When the going gets tough, the tough get going.
This is the advice our culture offers us about fortitude amidst adversity: If you’re tough, you’ll do something. If you’re not tough, well, toughen up. If that doesn’t work, there’s something wrong with you. Try harder. Rely on willpower. Buck up. Didn’t work? Buckle down. Try harder.
If trying our hardest doesn’t work—or if we can’t even manage the incredible vulnerability of trying—we collapse in shame, blame ourselves and others, numb or distract ourselves, conclude that we’re just not good enough.
We tell ourselves it’s futile to dream impossible dreams, sometimes convincing ourselves we never really wanted that dream in the first place.
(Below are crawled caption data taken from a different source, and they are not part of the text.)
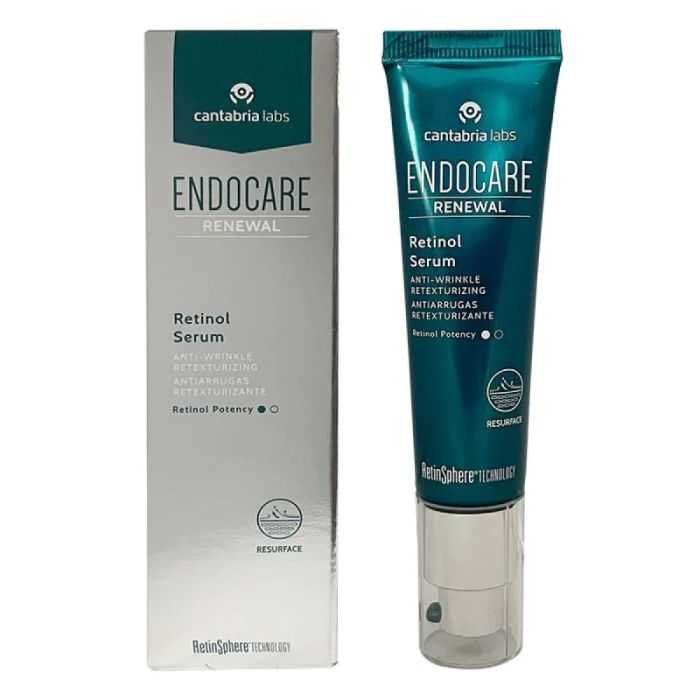cantabria-cantabria-endocare-renewal-retinol-serum-30-ml-peaux-matures.jpg CANTABRIA ENDOCARE RENEWAL RETINOL SERUM 30 ML – Image 1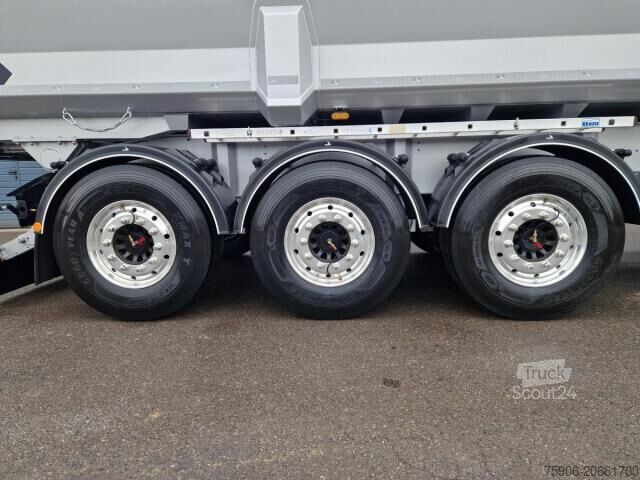 Kipper Auflieger Stas FERROSTAR 60m3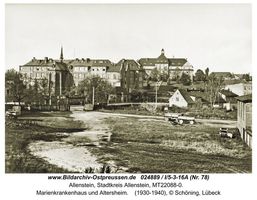 Allenstein, Stadtkreis Allenstein  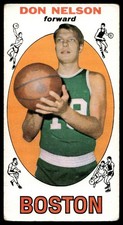 1969-70 Topps Don Nelson Rookie Boston Celtics #82 C29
We give up on ourselves and each other, and our lives get smaller and smaller.
And as this happens with each one of us, collectively we get easier and easier to dominate and control.
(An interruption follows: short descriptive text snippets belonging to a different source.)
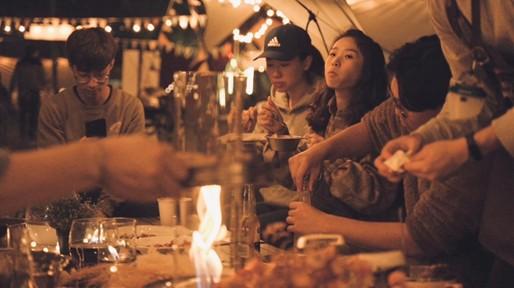 「海見團烤」與親友一同享受最Chill的海邊聚餐時光。（圖／北觀處提供）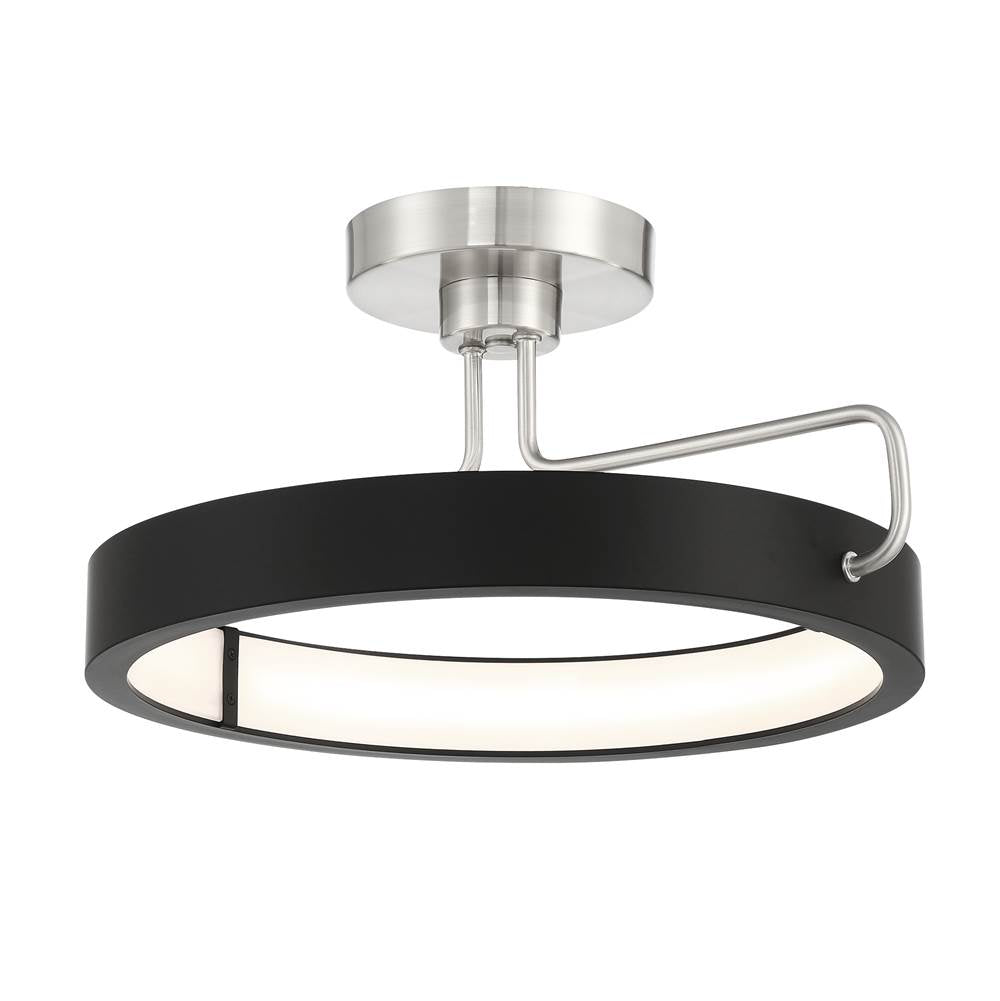 Eurofase 37083-020 Satin Nickel Pemberton, Pendant , 18'', Satin Nickel Image 2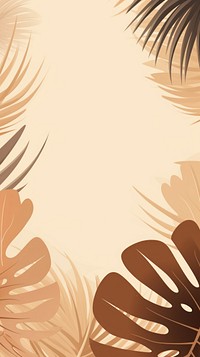 Tropical leaves backgrounds outdoors pattern. AI generated Image by rawpixel.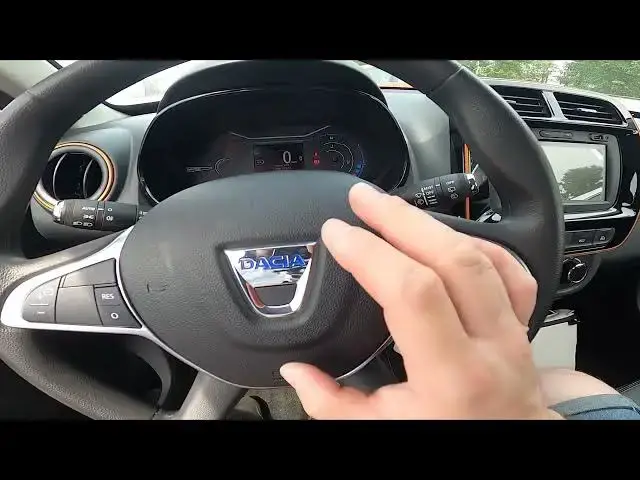 'Video thumbnail for Steering Wheel Buttons Description for Dacia Spring ( 2021 – now )  Steering Wheel Functions'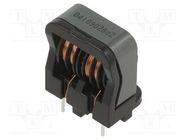 Inductor: wire; THT; 109mH; 400mA; 1.8Ω; -25÷120°C; 250VAC KEMET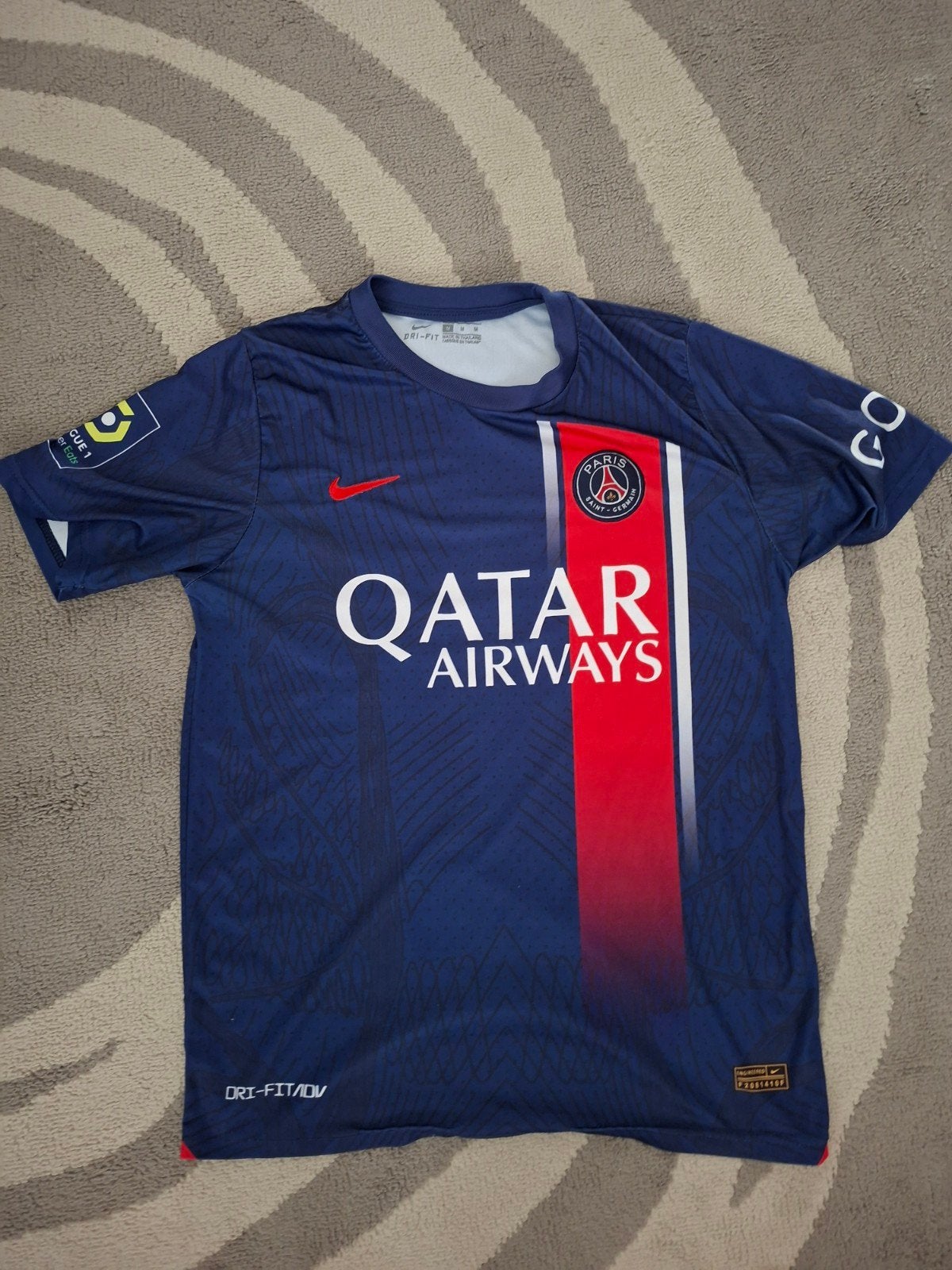 neymar tshirt psg maat m, Sport en Fitness, Voetbal, Maat M, Ophalen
This is not the time to give up, my friends—on your own dreams or your dedication to bringing your full heart to this ailing world.
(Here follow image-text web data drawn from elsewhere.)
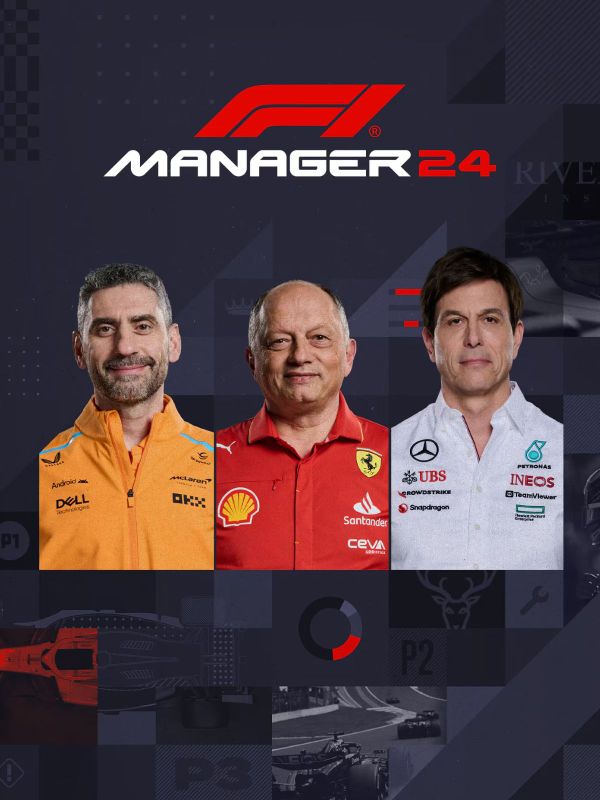 Earn rewards and play F1 Manager 2024 for free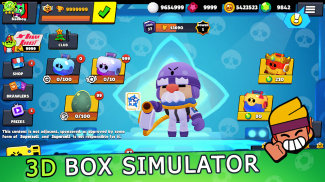 Box Simulator for Brawl Stars screenshot 4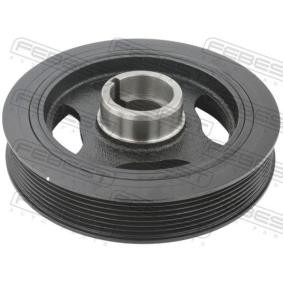 Achetez des Poulie damper (vilebrequin) FEBEST HYDS-D6EA à prix pour 59,63 €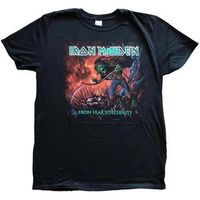iron maiden camiseta from fear to eternity para hombre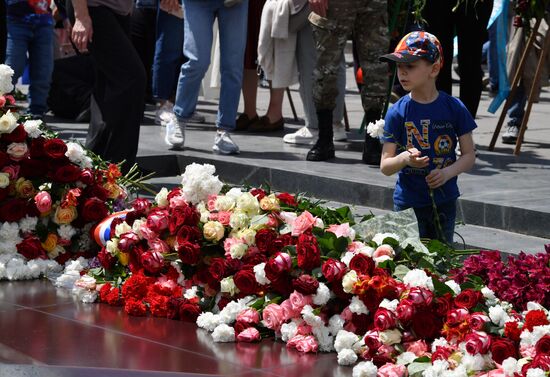 Празднование Дня Победы в странах ближнего зарубежья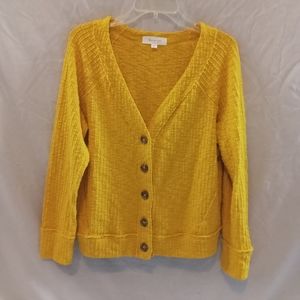 Textured cardigan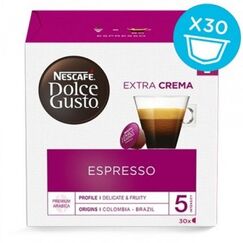 Nescafé Dolce Gusto Espresso Kaffeekapsel 30 Stück(e)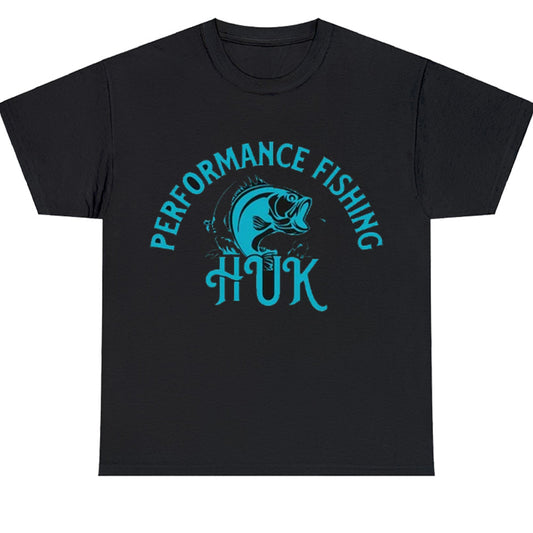 New HUK Performance Fishing Logo Men's Unisex T Shirt Size S to 3XL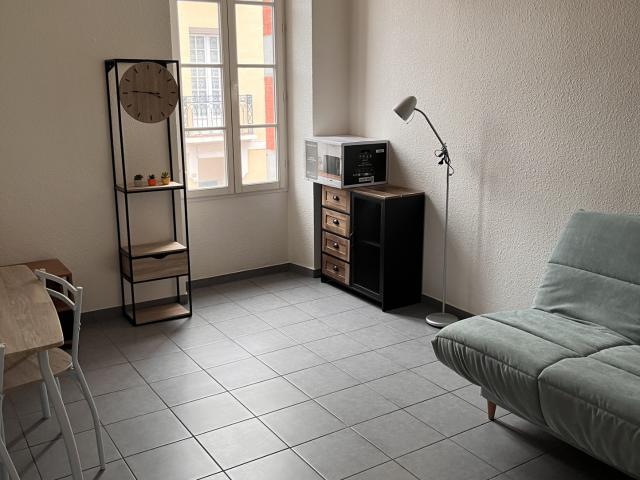 Appartement T1 meublé de 30,71 m2 proche centre ville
So What’s the Secret to Not Giving Up?
When the going gets tough, we need encouraging support and warm companionship, we need resonant shared holding of our dreams and visions. We need to acknowledge our most vulnerable longings and embrace the vulnerability of our inextricable interdependence. We need each other.
If It’s That Simple, Why Is It So Hard?
In the first four months of our lives, we learn which of our emotions will be welcomed and responded to, and which will get us less connection or more danger. If our primary care giver can’t pretty consistently welcome our fear, anger, sadness, overwhelm, or even joy with warm responsiveness, we learn to shut down those feelings or hide them as much as we can.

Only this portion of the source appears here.